A WMS can be an invaluable source of information for this type of analysis. One of Philadelphia Scientific’s customers, for instance, was experiencing a reduction in the number of picks per hour. Around the same time, managers noticed that drivers were changing batteries more frequently than would have been expected. Using its WMS, the company saw a correlation between the frequency of battery changes and reduction in hourly picks. The problem, it turned out, was that operators, who were paid by the piece, wanted to make the quickest possible change and get back out on the floor. As a result, some would grab the closest battery rather than ones that were fully charged and fully cooled down. The batteries did not last a full shift, and drivers lost time in the changing room. After getting rid of the older batteries and putting in a battery-tracking system, the DC achieved a 35-percent reduction in battery changes while order picks per hour quickly rose, Vanasse relates.

Tenney says some of I.D. Systems’ customers have analyzed fleet telematics and maintenance data in concert with information from their labor management systems (LMS) and timekeeping modules like a payroll log to track down productivity-busters. One grocery distributor used that approach to identify the source of performance variances among lift truck drivers. “Big data can be used very effectively to identify who’s falling behind, including looking at what are the four or five attributes that define an operator. Then you can break that down into what he or she is good or bad at,” he says. The point is not to punish, but to “be able to look at productivity from all viewpoints and angles within how a job is done.” That analysis allowed the customer to identify training program enhancements that helped operators become more effective. Before long, the grocery distributor increased throughput by 15 percent with the same operators and vehicles, according to Tenney.

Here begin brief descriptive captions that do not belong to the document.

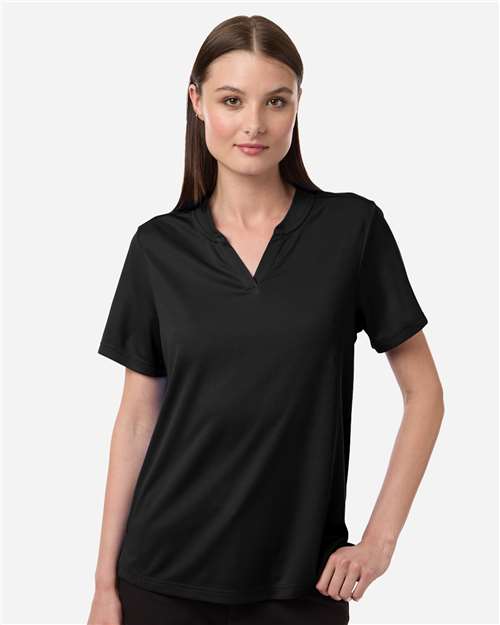 Women's Nova Performance Pique Polo - CE108W 13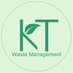 KT Waste Management (@ktwaste) Twitter profile photo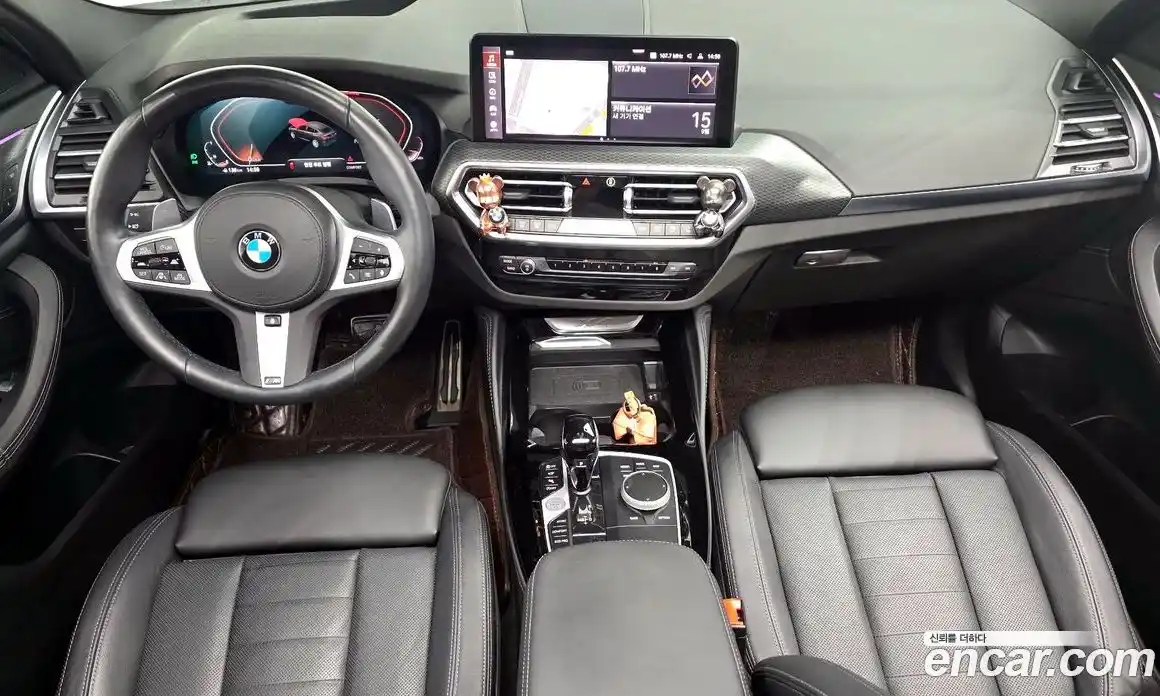 BMW X4 2023 2.0 гидро в Москве № 188020, фото 7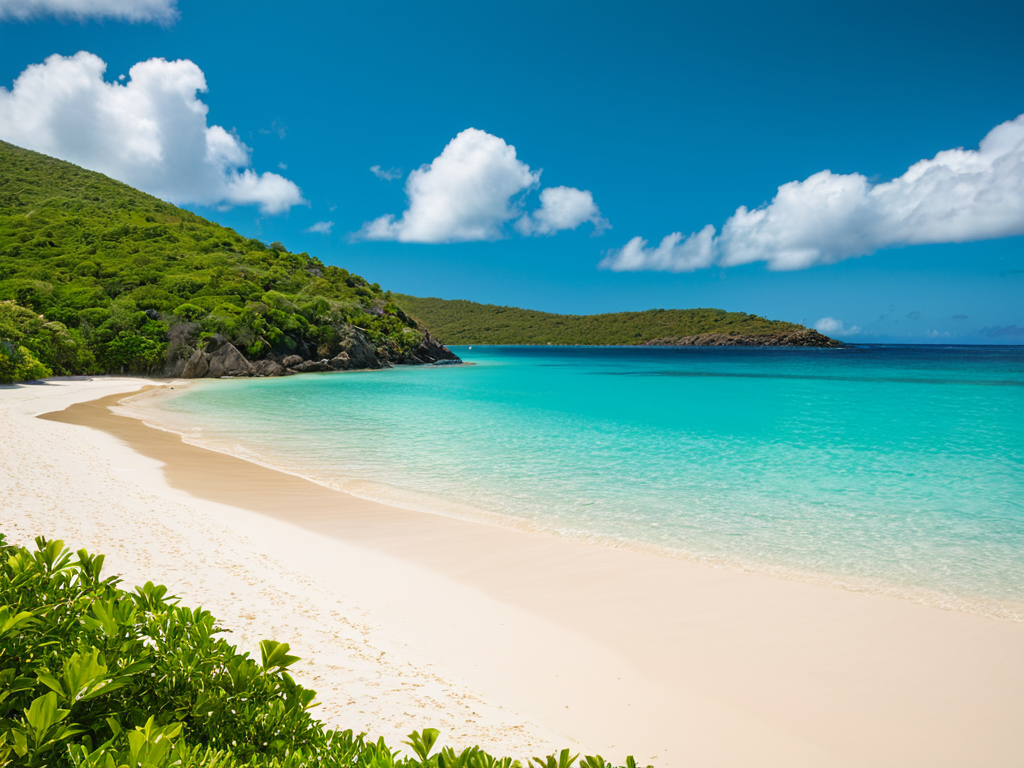 Featured image for blog post: Escape the Crowds at Emerald Beach, St. Thomas: Insider S...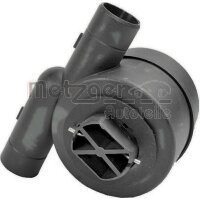 Ölabscheider Kurbelgehäuseentlüftung...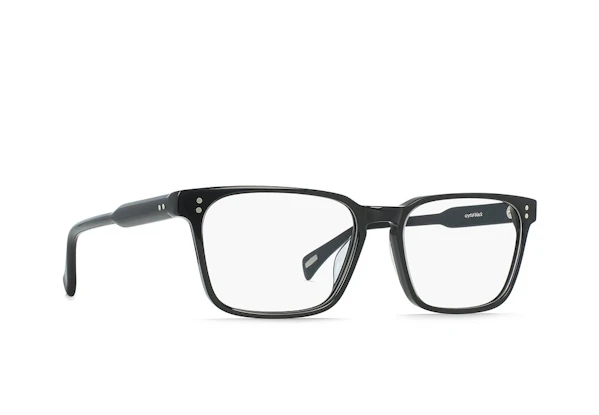 Nolan / Crystal Black / Clear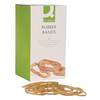 Q-Connect Rubber Bands No.63 76.2 x 6.3mm 500g (KF10548)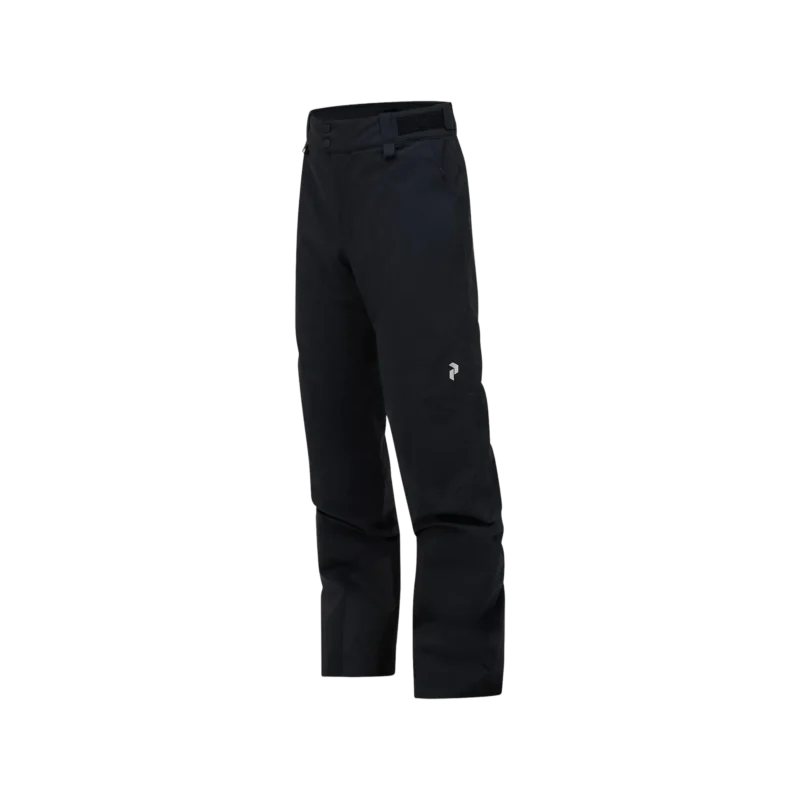 Maroon Insulated Pants Men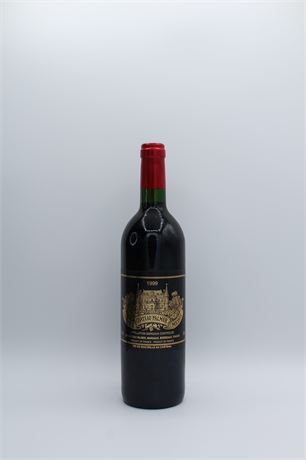 Château Palmer 1999 - 1 bouteille - 750ml
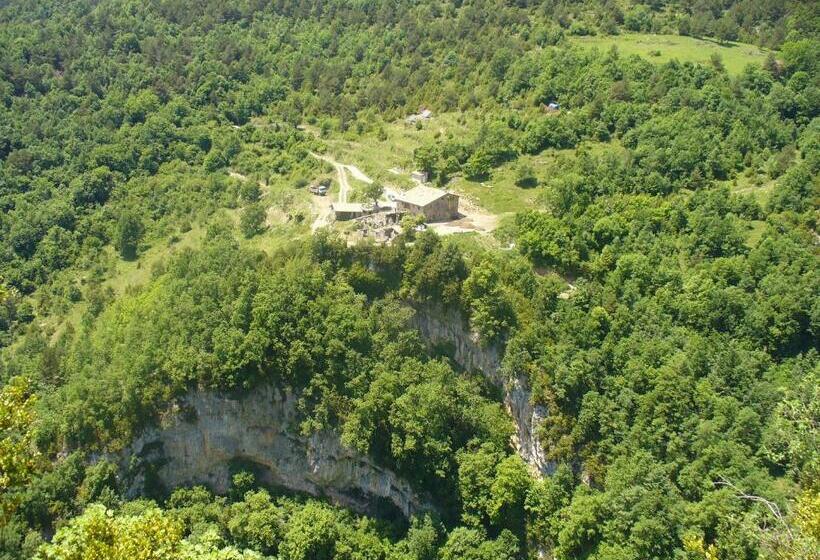 Номер Стандарт, Mas Rural El Negre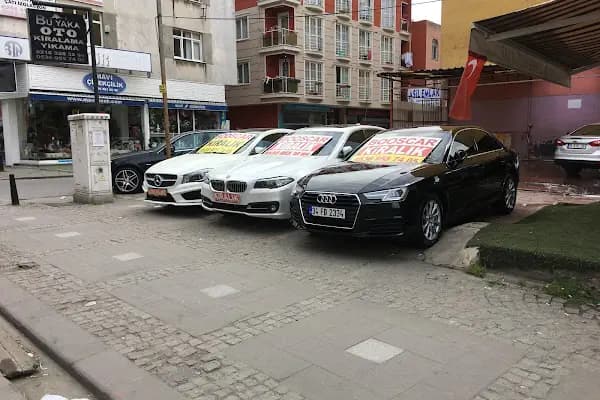 Oto Kiralama - Araba Kiralama Şirketi - İstanbul Ümraniye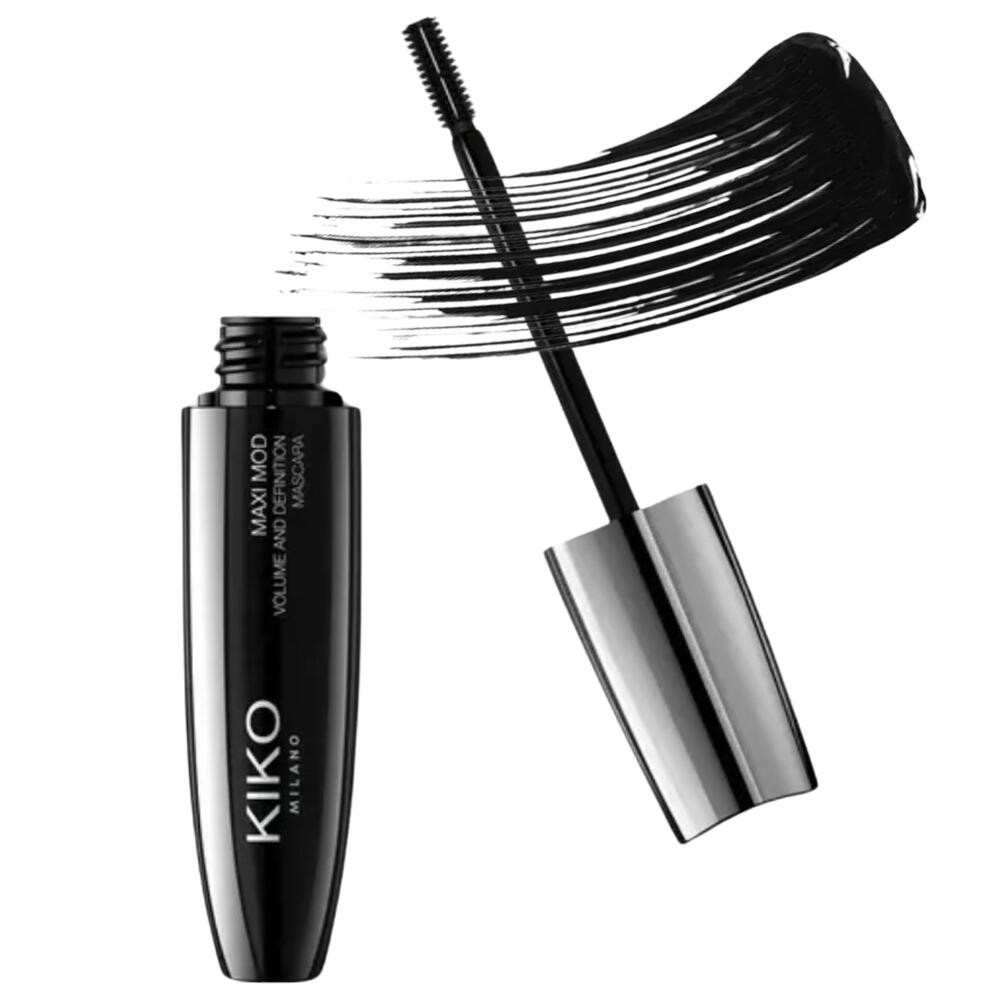 Туш для вій Maxi Mod Volume and Definition Mascara 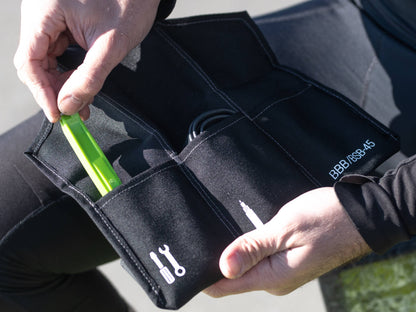 BBB CombiSet Rollpack co2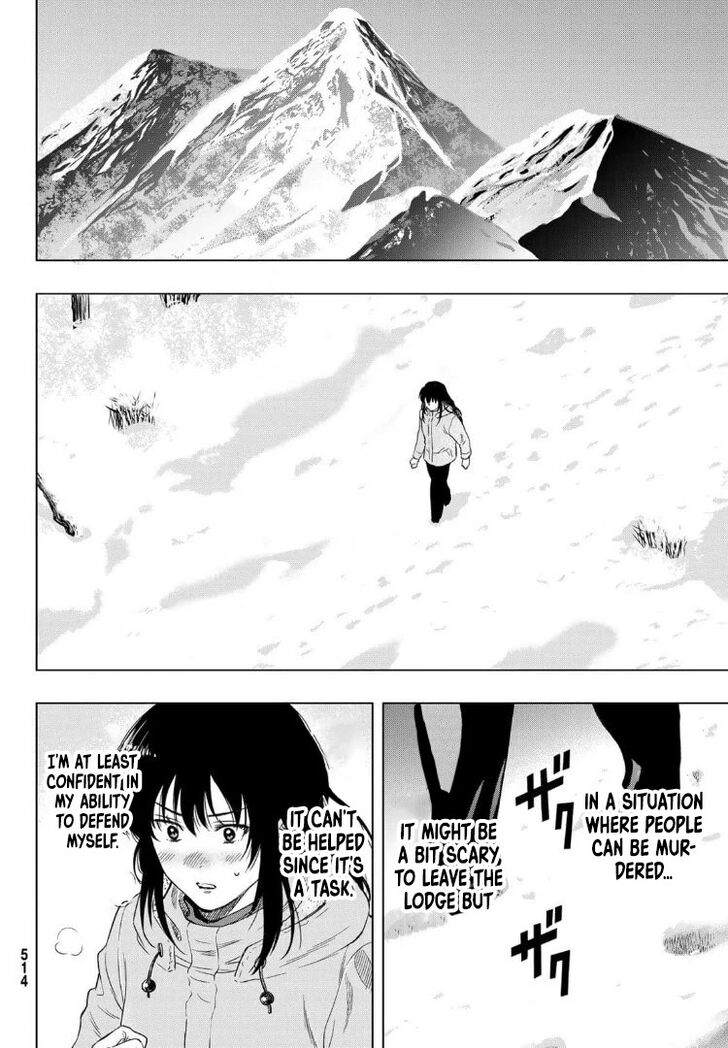 Read Tomodachi Game en Manga Online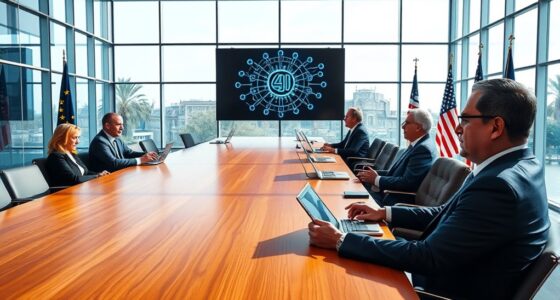 eu us ai data cooperation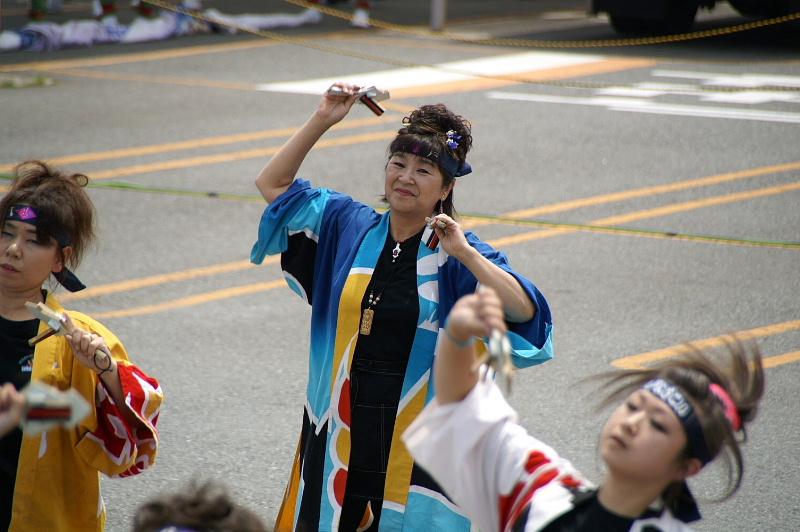 第6回奥州前沢よさこいFestaVI 2010その1 2010/07/04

Big data analysis and correlation is not always about solving problems. It can also be an effective tool for improving current practices. For example, previously established time standards may suggest that a certain number of order pickers are needed for a particular shift. But correlating WMS data (what needed to be accomplished) with lift truck telematics (how long it actually took) over time may show that the standards in a labor management system (LMS) are no longer accurate, Tenney says.

Integrating data from different data sources can be useful for predicting the future, too. One I.D. Systems customer, a large consumer products supplier to a Fortune 10 company, worked backward from significant repair events to identify patterns in the types of activities that occurred prior to those repairs. “It allows you to say, for example, that when these four things happen, three months later, this problem happens,” Tenney explains. Because the customer was able to identify the common thread among unrelated events, it is now able take action before a major failure occurs.

Applying big data analysis to lift truck fleet management is neither easy nor simple. It also takes time, since any analysis must consider large quantities of data over a lengthy period to find and validate patterns. But as the examples in this article show, the payoff in terms of problem solving or prevention could make it well worth the effort.